[EXERCISE PROMPT] Taking only the lines of the data below from the line with "与拜仁相爱相杀的名宿，在德甲差点提前退役，在利物浦解放杰拉德" to the line with "2025 Nissan Frontier PRO-4X photo 1", ends included, write them out exactly and without pictures.
━━━━━ RECORDS TO PROCESS
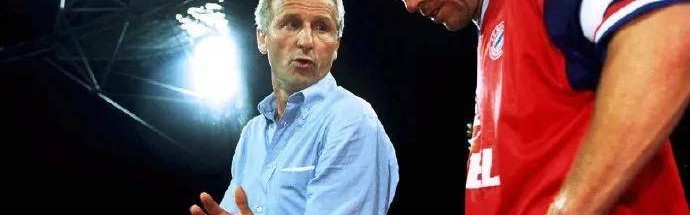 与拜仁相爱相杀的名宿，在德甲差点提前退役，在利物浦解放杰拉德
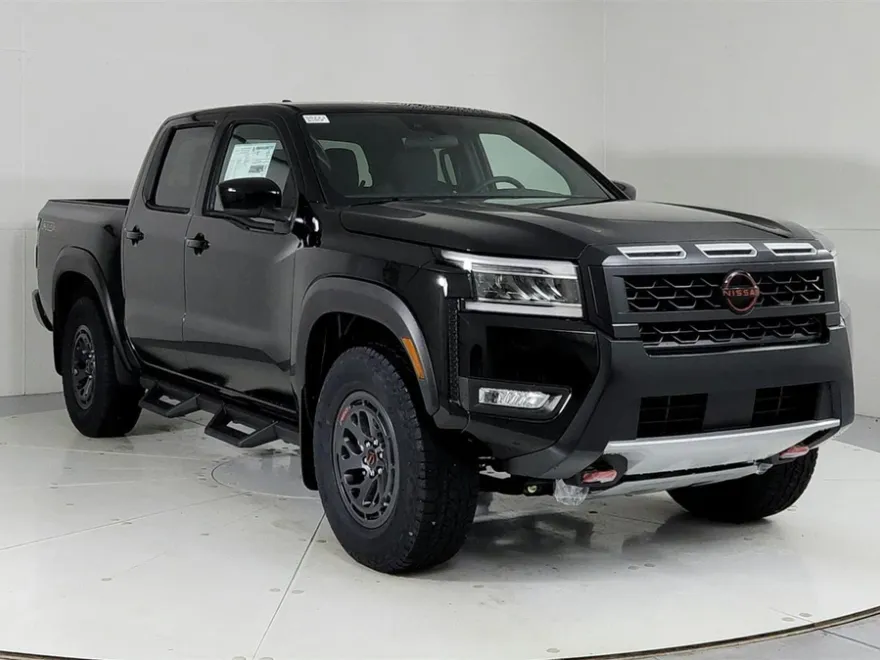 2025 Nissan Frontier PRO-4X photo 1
━━━━━━━━━━
━━━━━ RECORDS TO PROCESS
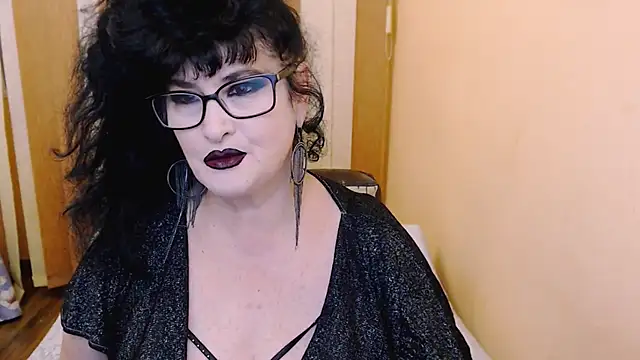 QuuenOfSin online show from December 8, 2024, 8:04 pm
━━━━━━━━━━
[OUTPUT FOR THIS EXERCISE]
 与拜仁相爱相杀的名宿，在德甲差点提前退役，在利物浦解放杰拉德
 2025 Nissan Frontier PRO-4X photo 1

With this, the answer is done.